»»

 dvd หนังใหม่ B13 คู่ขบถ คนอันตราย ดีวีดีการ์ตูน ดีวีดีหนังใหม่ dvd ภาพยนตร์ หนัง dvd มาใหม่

««
»»

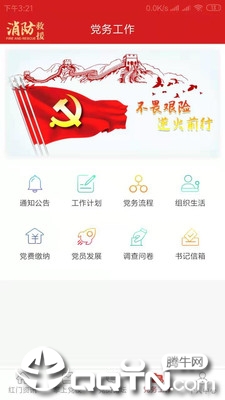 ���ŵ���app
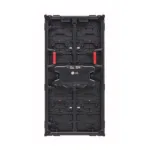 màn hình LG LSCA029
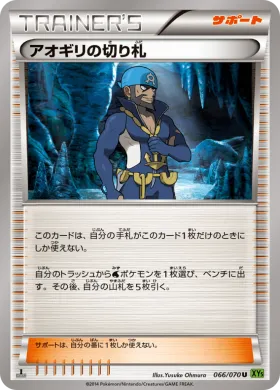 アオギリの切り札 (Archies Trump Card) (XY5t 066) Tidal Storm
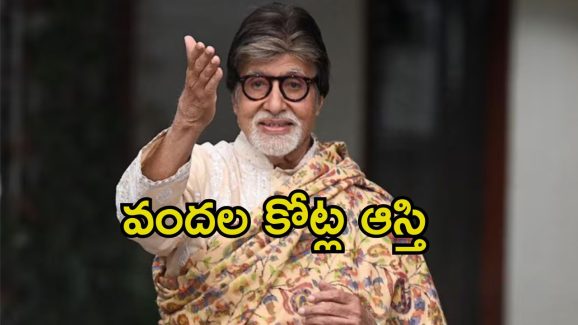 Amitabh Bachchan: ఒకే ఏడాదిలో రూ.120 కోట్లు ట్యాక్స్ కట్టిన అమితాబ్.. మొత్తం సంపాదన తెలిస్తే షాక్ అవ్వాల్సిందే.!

««

• About this task:
Take the lines above starting at the one containing "màn hình LG LSCA029" and ending at the one containing "Amitabh Bachchan: ఒకే", and print them again exactly, without pictures.

• Result of this task:
 màn hình LG LSCA029
 アオギリの切り札 (Archies Trump Card) (XY5t 066) Tidal Storm
 Amitabh Bachchan: ఒకే ఏడాదిలో రూ.120 కోట్లు ట్యాక్స్ కట్టిన అమితాబ్.. మొత్తం సంపాదన తెలిస్తే షాక్ అవ్వాల్సిందే.!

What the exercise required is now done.